Anaconda compiler tools#
Anaconda 5.0 switched from OS-provided compiler tools to our own toolsets. This allows improved compiler capabilities, including better security and performance. This page describes how to use these tools and enable these benefits.
Compiler packages#
Before Anaconda 5.0, compilers were installed using system tools such as XCode
or yum install gcc
. Now there are conda packages for Linux and macOS
compilers. Unlike the previous GCC 4.8.5 packages that included GCC, g++, and
GFortran all in the same package, these conda packages are split into separate
compilers:
macOS:
clang_osx-64.
clangxx_osx-64.
gfortran_osx-64.
Linux:
gcc_linux-64.
gxx_linux-64.
gfortran_linux-64.
A compiler's "build platform" is the platform where the compiler runs and builds the code.
A compiler's "host platform" is the platform where the built code will finally be hosted and run.
Notice that all of these package names end in a platform identifier which specifies the host platform. All compiler packages are specific to both the build platform and the host platform.
Using the compiler packages#
The compiler packages can be installed with conda. Because they are designed
with (pseudo) cross-compiling in mind, all of the executables in a compiler
package are "prefixed." Instead of gcc
, the executable name of the compiler
you use will be something like x86_64-conda_cos6-linux-gnu-gcc
. These full
compiler names are shown in the build logs, recording the host platform and
helping prevent the common mistake of using the wrong compiler.
Many build tools such as make
and CMake
search by default for a
compiler named simply gcc
, so we set environment variables to point these
tools to the correct compiler.
We set these variables in conda activate.d
scripts, so any environment in
which you will use the compilers must first be activated so the scripts will
run. Conda-build does this activation for you using activation hooks installed
with the compiler packages in CONDA_PREFIX/etc/conda/activate.d
, so no
additional effort is necessary.
You can activate the root environment with the command conda activate root
.
macOS SDK#
The macOS compilers require the macOS 10.9 SDK or above. The SDK license prevents it from being bundled in the conda package. We know of 2 current sources for the macOS SDKs:
We usually install the 10.10 SDK at /opt/MacOSX10.10.sdk
but you may install
it anywhere. Edit your conda_build_config.yaml
file to point to it, like this:
CONDA_BUILD_SYSROOT:
- /opt/MacOSX10.10.sdk # [osx]
At Anaconda, we have this configuration setting in a centralized
conda_build_config.yaml
at the root of our recipe repository. Since we run
build commands from that location, the file and the setting are used for all
recipes. The conda_build_config.yaml
search order is described further at
Creating conda-build variant config files.

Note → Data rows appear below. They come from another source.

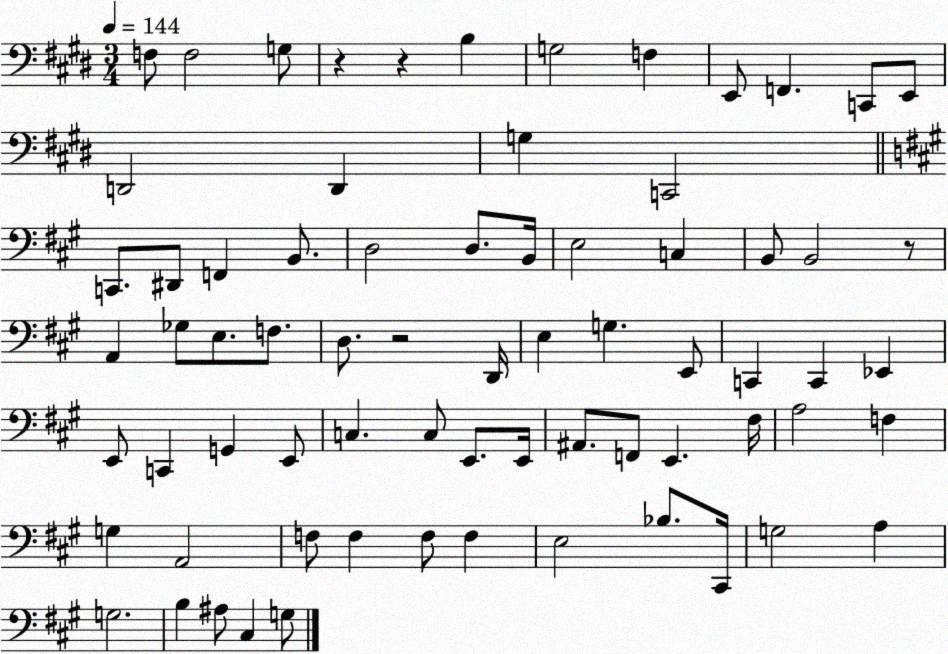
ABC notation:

X:1
T:Untitled
M:3/4
L:1/4
K:E
F,/2 F,2 G,/2 z z B, G,2 F, E,,/2 F,, C,,/2 E,,/2 D,,2 D,, G, C,,2 C,,/2 ^D,,/2 F,, B,,/2 D,2 D,/2 B,,/4 E,2 C, B,,/2 B,,2 z/2 A,, _G,/2 E,/2 F,/2 D,/2 z2 D,,/4 E, G, E,,/2 C,, C,, _E,, E,,/2 C,, G,, E,,/2 C, C,/2 E,,/2 E,,/4 ^A,,/2 F,,/2 E,, ^F,/4 A,2 F, G, A,,2 F,/2 F, F,/2 F, E,2 _B,/2 ^C,,/4 G,2 A, G,2 B, ^A,/2 ^C, G,/2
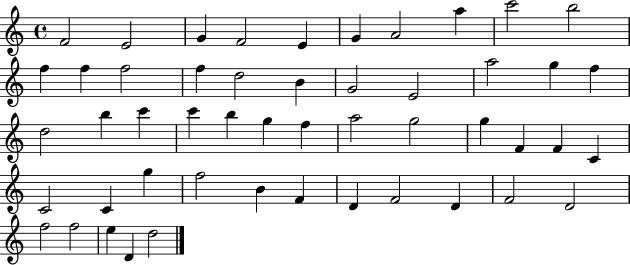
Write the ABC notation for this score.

X:1
T:Untitled
M:4/4
L:1/4
K:C
F2 E2 G F2 E G A2 a c'2 b2 f f f2 f d2 B G2 E2 a2 g f d2 b c' c' b g f a2 g2 g F F C C2 C g f2 B F D F2 D F2 D2 f2 f2 e D d2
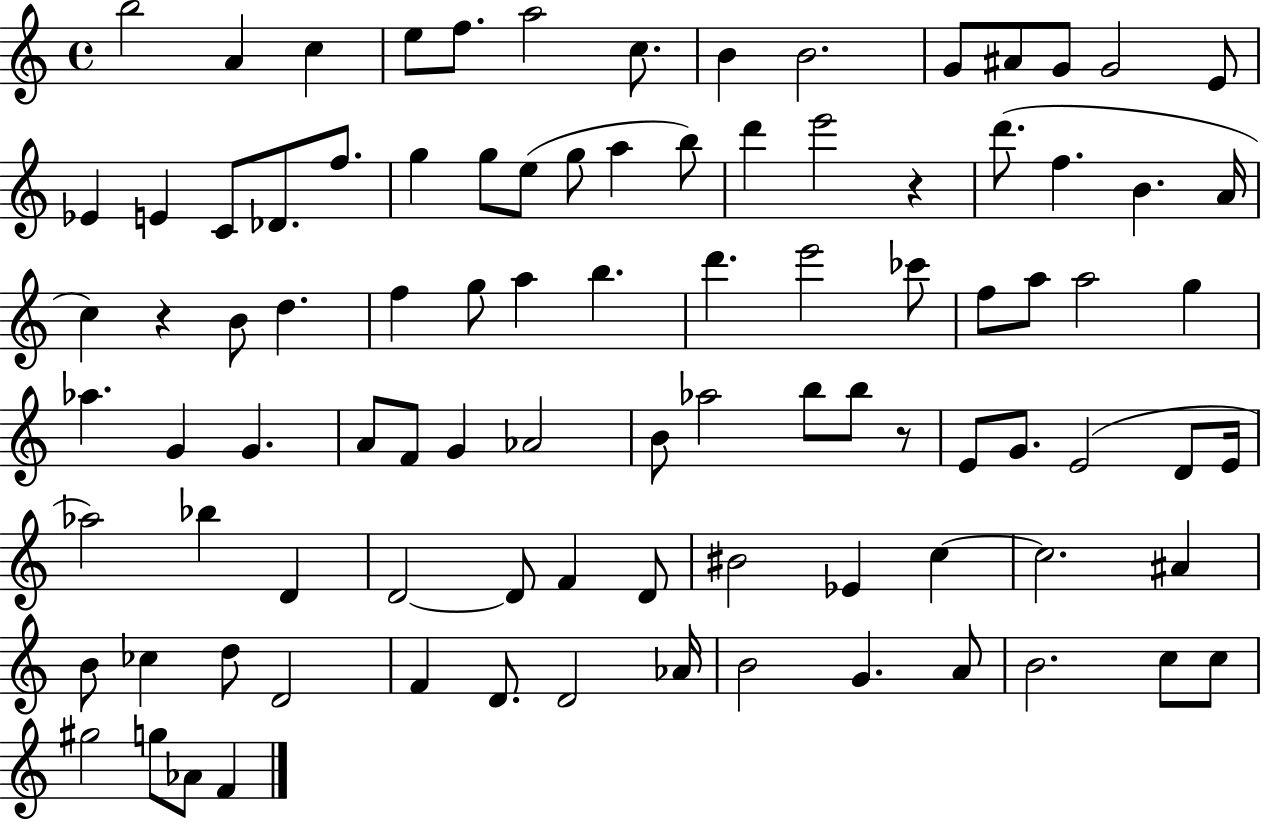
X:1
T:Untitled
M:4/4
L:1/4
K:C
b2 A c e/2 f/2 a2 c/2 B B2 G/2 ^A/2 G/2 G2 E/2 _E E C/2 _D/2 f/2 g g/2 e/2 g/2 a b/2 d' e'2 z d'/2 f B A/4 c z B/2 d f g/2 a b d' e'2 _c'/2 f/2 a/2 a2 g _a G G A/2 F/2 G _A2 B/2 _a2 b/2 b/2 z/2 E/2 G/2 E2 D/2 E/4 _a2 _b D D2 D/2 F D/2 ^B2 _E c c2 ^A B/2 _c d/2 D2 F D/2 D2 _A/4 B2 G A/2 B2 c/2 c/2 ^g2 g/2 _A/2 F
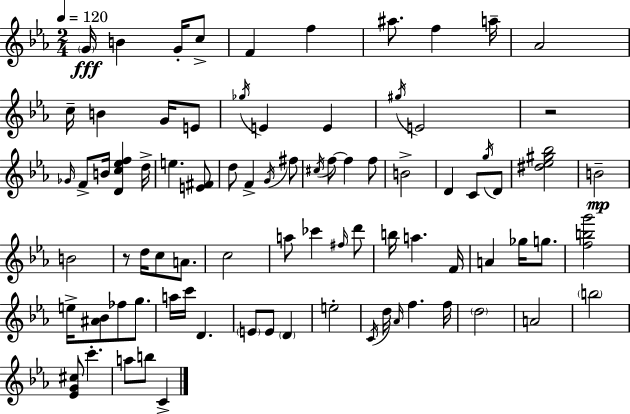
G4/s B4/q G4/s C5/e F4/q F5/q A#5/e. F5/q A5/s Ab4/h C5/s B4/q G4/s E4/e Gb5/s E4/q E4/q G#5/s E4/h R/h Gb4/s F4/e B4/s [D4,C5,Eb5,F5]/q D5/s E5/q. [E4,F#4]/e D5/e F4/q G4/s F#5/e C#5/s F5/e F5/q F5/e B4/h D4/q C4/e G5/s D4/e [D#5,Eb5,G#5,Bb5]/h B4/h B4/h R/e D5/s C5/e A4/e. C5/h A5/e CES6/q F#5/s D6/e B5/s A5/q. F4/s A4/q Gb5/s G5/e. [F5,B5,G6]/h E5/s [A#4,Bb4]/e FES5/e G5/e. A5/s C6/s D4/q. E4/e E4/e D4/q E5/h C4/s D5/s Ab4/s F5/q. F5/s D5/h A4/h B5/h [Eb4,G4,C#5]/e C6/q. A5/e B5/e C4/q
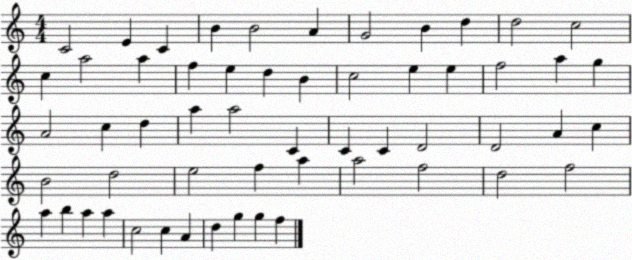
X:1
T:Untitled
M:4/4
L:1/4
K:C
C2 E C B B2 A G2 B d d2 c2 c a2 a f e d B c2 e e f2 a g A2 c d a a2 C C C D2 D2 A c B2 d2 e2 f a a2 f2 d2 f2 a b a a c2 c A d g g f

Build scripts for macOS should make use of the variables
MACOSX_DEPLOYMENT_TARGET
and CONDA_BUILD_SYSROOT
, which are set by
conda-build (see Environment variables). These variables should be translated into
correct compiler arguments, e.g. for Clang this would be:
clang .. -isysroot ${CONDA_BUILD_SYSROOT} -mmacosx-version-min=${MACOSX_DEPLOYMENT_TARGET} ..
Most build tools, e.g. CMake and distutils (setuptools), will automatically pick
up MACOSX_DEPLOYMENT_TARGET
but you need to pass CONDA_BUILD_SYSROOT
explicitly. For CMake, this can be done with the option
-DCMAKE_OSX_SYSROOT=${CONDA_BUILD_SYSROOT}
. When building Python extensions
with distutils, one should always extend CFLAGS
before calling
setup.py
:
export CFLAGS="${CFLAGS} -i sysroot ${CONDA_BUILD_SYSROOT}"

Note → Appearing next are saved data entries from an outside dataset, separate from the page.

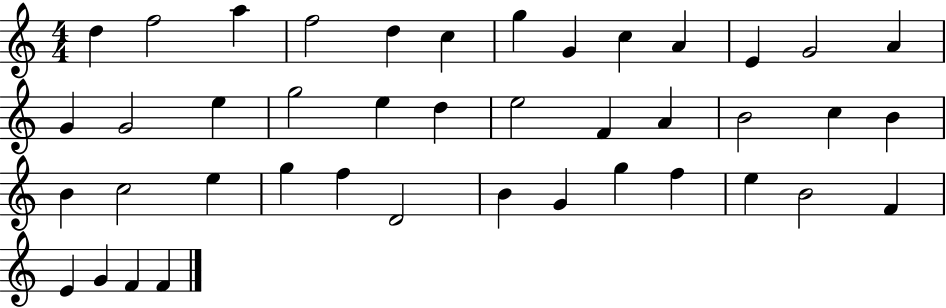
D5/q F5/h A5/q F5/h D5/q C5/q G5/q G4/q C5/q A4/q E4/q G4/h A4/q G4/q G4/h E5/q G5/h E5/q D5/q E5/h F4/q A4/q B4/h C5/q B4/q B4/q C5/h E5/q G5/q F5/q D4/h B4/q G4/q G5/q F5/q E5/q B4/h F4/q E4/q G4/q F4/q F4/q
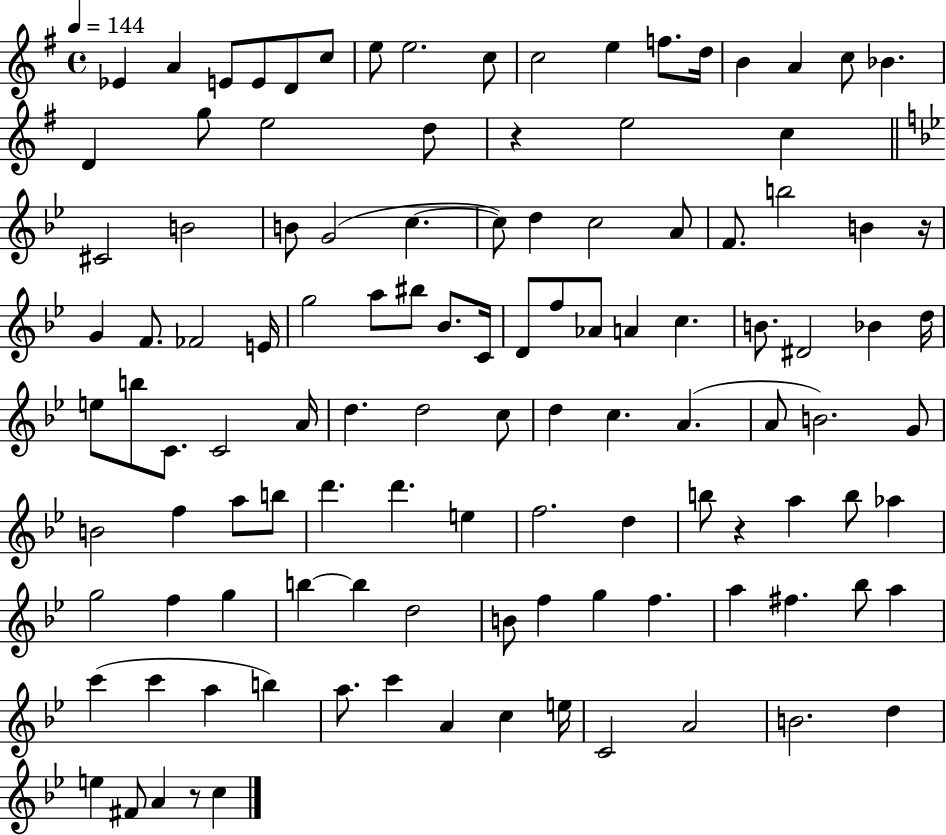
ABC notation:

X:1
T:Untitled
M:4/4
L:1/4
K:G
_E A E/2 E/2 D/2 c/2 e/2 e2 c/2 c2 e f/2 d/4 B A c/2 _B D g/2 e2 d/2 z e2 c ^C2 B2 B/2 G2 c c/2 d c2 A/2 F/2 b2 B z/4 G F/2 _F2 E/4 g2 a/2 ^b/2 _B/2 C/4 D/2 f/2 _A/2 A c B/2 ^D2 _B d/4 e/2 b/2 C/2 C2 A/4 d d2 c/2 d c A A/2 B2 G/2 B2 f a/2 b/2 d' d' e f2 d b/2 z a b/2 _a g2 f g b b d2 B/2 f g f a ^f _b/2 a c' c' a b a/2 c' A c e/4 C2 A2 B2 d e ^F/2 A z/2 c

When building C++ extensions with Cython, CXXFLAGS
must be similarly modified.
Backward compatibility#
Some users want to use the latest Anaconda packages but do not yet want to use
the Anaconda compilers. To enable this, the latest Python package builds have
a default _sysconfigdata
file. This file sets the compilers provided by the
system, such as gcc
and g++
, as the default compilers. This way allows legacy
recipes to keep working.
Python packages also include an alternative _sysconfigdata
file that sets
the Anaconda compilers as the default compilers. The Anaconda Python executable
itself is made with these Anaconda compilers.
The compiler packages set the environment variable
_PYTHON_SYSCONFIGDATA_NAME
, which tells Python which _sysconfigdata
file
to use. This variable is set at activation time using the activation hooks
described above.
The new _sysconfigdata
customization system is only present in recent
versions of the Python package. Conda-build automatically tries to use the
latest Python version available in the currently configured channels, which
normally gets the latest from the default channel. If you're using something
other than conda-build while working with the new compilers, conda does not
automatically update Python, so make sure you have the correct
_sysconfigdata
files by updating your Python package manually.
Anaconda compilers and conda-build 3#
The Anaconda 5.0 compilers and conda-build 3 are designed to work together.
Conda-build 3 defines a special jinja2 function, compiler()
, to make it
easy to specify compiler packages dynamically on many platforms. The
compiler
function takes at least 1 argument, the language of the compiler
to use:
requirements:
build:
- {{ compiler('c') }}
"Cross-capable" recipes can be used to make packages with a host platform different than the build platform where conda-build runs. To write cross-capable recipes, you may also need to use the "host" section in the requirements section. In this example we set "host" to "zlib" to tell conda-build to use the zlib in the conda environment and not the system zlib. This makes sure conda-build uses the zlib for the host platform and not the zlib for the build platform.
requirements:
build:
- {{ compiler('c') }}
host:
- zlib
Generally, the build section should include compilers and other build tools and the host section should include everything else, including shared libraries, Python, and Python libraries.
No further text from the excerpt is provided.